Zambia mandates pre-export checks of all Indian medicines to curb entry of substandard, fake drugs

New Delhi: Zambia has for the first time mandated pre-export checks of all Indian medicines destined for the African nation in a bid to curb the entry of substandard, adulterated and fake drugs.

Starting 1 October, every medicine consignment must undergo document checks, physical inspection and quality testing by a laboratory appointed by the Zambia Medicines Regulatory Authority (ZAMRA).
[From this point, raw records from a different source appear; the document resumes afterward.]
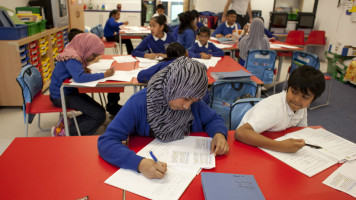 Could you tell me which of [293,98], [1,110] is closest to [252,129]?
[293,98]

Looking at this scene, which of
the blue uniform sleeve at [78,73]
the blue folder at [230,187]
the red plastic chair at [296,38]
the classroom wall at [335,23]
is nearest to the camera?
the blue folder at [230,187]

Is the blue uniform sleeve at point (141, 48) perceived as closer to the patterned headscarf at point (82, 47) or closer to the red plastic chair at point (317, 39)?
the patterned headscarf at point (82, 47)

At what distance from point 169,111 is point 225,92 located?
4.00 feet

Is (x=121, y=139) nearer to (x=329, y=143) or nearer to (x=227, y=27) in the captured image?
(x=329, y=143)

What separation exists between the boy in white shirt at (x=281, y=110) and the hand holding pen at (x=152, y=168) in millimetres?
496

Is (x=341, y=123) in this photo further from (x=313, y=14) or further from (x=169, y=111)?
(x=313, y=14)

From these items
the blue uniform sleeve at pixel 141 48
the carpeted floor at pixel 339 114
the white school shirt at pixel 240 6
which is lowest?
the carpeted floor at pixel 339 114

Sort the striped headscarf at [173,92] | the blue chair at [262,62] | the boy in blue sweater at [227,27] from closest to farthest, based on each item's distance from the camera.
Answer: the striped headscarf at [173,92] < the blue chair at [262,62] < the boy in blue sweater at [227,27]

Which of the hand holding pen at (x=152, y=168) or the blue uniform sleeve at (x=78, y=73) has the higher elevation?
the blue uniform sleeve at (x=78, y=73)

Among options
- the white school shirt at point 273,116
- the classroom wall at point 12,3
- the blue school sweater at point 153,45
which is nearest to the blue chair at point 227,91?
the white school shirt at point 273,116

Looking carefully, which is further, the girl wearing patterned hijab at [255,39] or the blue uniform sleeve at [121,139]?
the girl wearing patterned hijab at [255,39]

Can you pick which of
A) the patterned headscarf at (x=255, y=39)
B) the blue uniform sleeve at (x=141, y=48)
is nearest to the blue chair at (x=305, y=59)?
the patterned headscarf at (x=255, y=39)

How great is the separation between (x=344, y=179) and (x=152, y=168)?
0.80 m

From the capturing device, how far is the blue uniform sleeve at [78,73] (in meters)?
2.30
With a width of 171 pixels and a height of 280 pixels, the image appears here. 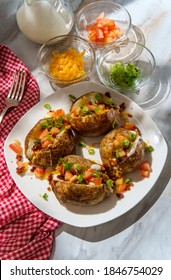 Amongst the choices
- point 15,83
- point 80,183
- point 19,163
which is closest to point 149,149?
point 80,183

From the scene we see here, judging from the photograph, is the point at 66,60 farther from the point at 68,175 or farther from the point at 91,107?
the point at 68,175

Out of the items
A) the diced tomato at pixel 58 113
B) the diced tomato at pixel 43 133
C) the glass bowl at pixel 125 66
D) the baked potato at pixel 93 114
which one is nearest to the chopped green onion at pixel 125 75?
the glass bowl at pixel 125 66

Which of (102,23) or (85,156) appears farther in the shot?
(102,23)

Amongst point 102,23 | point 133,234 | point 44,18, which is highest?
point 44,18

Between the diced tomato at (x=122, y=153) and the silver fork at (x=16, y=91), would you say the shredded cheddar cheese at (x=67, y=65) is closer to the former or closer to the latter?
the silver fork at (x=16, y=91)

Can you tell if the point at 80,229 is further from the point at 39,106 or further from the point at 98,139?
the point at 39,106

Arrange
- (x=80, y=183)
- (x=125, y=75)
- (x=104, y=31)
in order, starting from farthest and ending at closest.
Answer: (x=104, y=31), (x=125, y=75), (x=80, y=183) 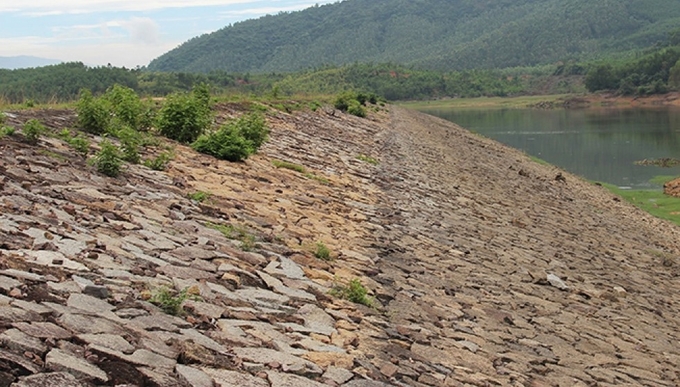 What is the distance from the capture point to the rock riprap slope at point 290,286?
5219 millimetres

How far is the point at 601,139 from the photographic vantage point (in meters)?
55.5

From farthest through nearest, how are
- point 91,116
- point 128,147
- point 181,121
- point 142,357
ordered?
point 181,121, point 91,116, point 128,147, point 142,357

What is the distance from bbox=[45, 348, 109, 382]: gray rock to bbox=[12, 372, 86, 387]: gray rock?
6cm

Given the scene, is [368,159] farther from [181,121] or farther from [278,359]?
[278,359]

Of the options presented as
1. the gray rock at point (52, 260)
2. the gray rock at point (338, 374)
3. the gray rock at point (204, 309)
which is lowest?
the gray rock at point (338, 374)

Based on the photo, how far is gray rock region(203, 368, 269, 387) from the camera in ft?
16.5

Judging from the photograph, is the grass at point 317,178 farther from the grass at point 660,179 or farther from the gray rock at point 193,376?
the grass at point 660,179

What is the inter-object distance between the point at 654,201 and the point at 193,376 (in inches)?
1079

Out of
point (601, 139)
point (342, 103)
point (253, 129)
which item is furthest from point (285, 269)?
point (601, 139)

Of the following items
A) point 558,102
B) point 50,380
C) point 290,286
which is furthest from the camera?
point 558,102

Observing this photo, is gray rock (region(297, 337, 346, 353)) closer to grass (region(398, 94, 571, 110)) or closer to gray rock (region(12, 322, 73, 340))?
gray rock (region(12, 322, 73, 340))

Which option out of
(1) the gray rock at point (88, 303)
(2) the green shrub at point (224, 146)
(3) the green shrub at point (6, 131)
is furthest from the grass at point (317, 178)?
(1) the gray rock at point (88, 303)

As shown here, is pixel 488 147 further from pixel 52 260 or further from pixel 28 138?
pixel 52 260

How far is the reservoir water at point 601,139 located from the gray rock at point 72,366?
32721 mm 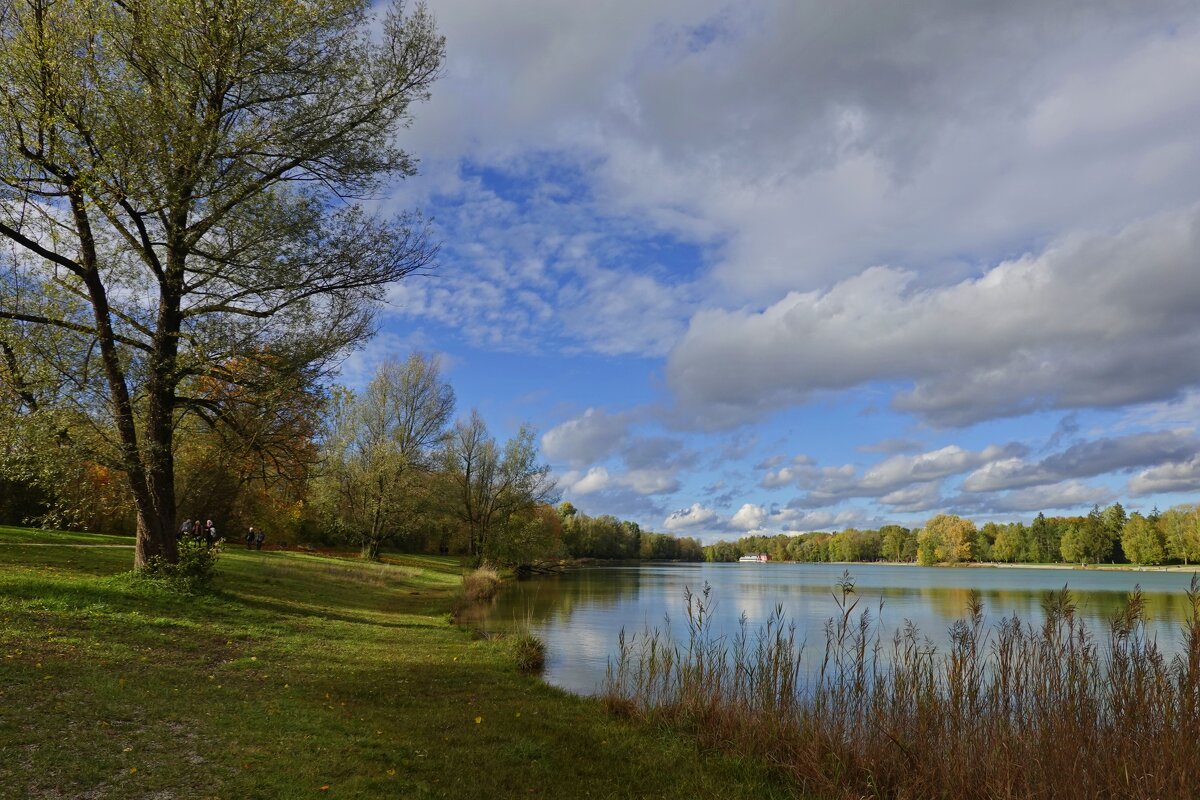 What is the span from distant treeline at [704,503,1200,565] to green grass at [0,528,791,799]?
110441 millimetres

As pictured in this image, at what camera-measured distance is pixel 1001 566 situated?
134m

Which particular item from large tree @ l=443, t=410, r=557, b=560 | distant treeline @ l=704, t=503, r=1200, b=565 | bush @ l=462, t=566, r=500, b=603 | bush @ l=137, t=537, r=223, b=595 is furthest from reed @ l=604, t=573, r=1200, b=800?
distant treeline @ l=704, t=503, r=1200, b=565

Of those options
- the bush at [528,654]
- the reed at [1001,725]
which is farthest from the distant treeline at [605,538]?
the reed at [1001,725]

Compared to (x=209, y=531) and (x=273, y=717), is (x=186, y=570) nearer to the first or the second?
(x=273, y=717)

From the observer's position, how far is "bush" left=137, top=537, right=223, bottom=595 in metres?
14.3

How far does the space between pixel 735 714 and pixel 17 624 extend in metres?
10.5

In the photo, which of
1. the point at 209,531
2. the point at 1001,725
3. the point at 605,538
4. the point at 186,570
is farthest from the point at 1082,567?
the point at 186,570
Only after a Clean Report of Inspection and Analysis (CRIA) certificate is issued will these medicine consignments be cleared by Zambian customs.

“This regulation is being implemented to curb the entry of substandard and falsified medicines into the Zambian market and applies to all pharmaceutical products exported from India,” the Pharmaceuticals Export Promotion Council of India (Pharmexcil) said in a circular on its website dated 6 August. The council, with over 4,000 member-companies, said ZAMRA officially communicated the implementation of the new mandatory requirement for all pharmaceutical consignments exported to Zambia.

According to the circular, all shipments with a bill of lading dated on or after 1 October 2025 must be accompanied by the CRIA. This document certifies that the products meet the required quality standards.

“Every country has the right to make quality control checks. This measure is a direct response to concerns about substandard and falsified medicines entering the Zambian market,” said an official in the know of the matter. “Right now, a product is registered, then the customer places the order and the manufacturers start selling. Now, with Zambia’s new regulatory provision, the products will be verified by them and then it will be cleared for exports to Zambia.”

Zambia accounted for less than 1% of India’s pharmaceutical exports in FY24. The measure comes in the backdrop of poor-quality Indian-made cough syrups that have been linked to the deaths of 84 children in Gambia and Uzbekistan since 2022.

Authorized agency

According to the circular, ZAMRA has designated Quntrol Laboratories Pvt Ltd as the authorized agency in India to conduct the verifications, inspections and testing, and to issue the CRIA.

“Exporters are requested to ensure strict compliance with this requirement to avoid any clearance issues at the Zambian border,” Pharmexcil stated.

India’s pharmaceutical industry, the world’s third largest by volume, is a global powerhouse with a diverse product base including generic drugs, vaccines and biologics. The industry’s strong global presence and significant export value highlight its importance in providing accessible and affordable medicines worldwide.

In FY24, the market was valued at $50 billion, with exports accounting for $26.5 billion. India’s pharmaceutical exports to Zambia reached $99.49 million during this period.

Manufacturing or selling substandard, adulterated or fake drugs is a punishable offence in India. To ensure public safety, the Central Drugs Standard Control Organization puts out monthly “Drug Alerts” that list medicines that fail quality checks.

When a drug is found to be not of standard quality, the manufacturer is immediately required to recall the product and halt further distribution. Based on investigations, the licensing authorities can suspend or cancel permits and issue stop-production orders.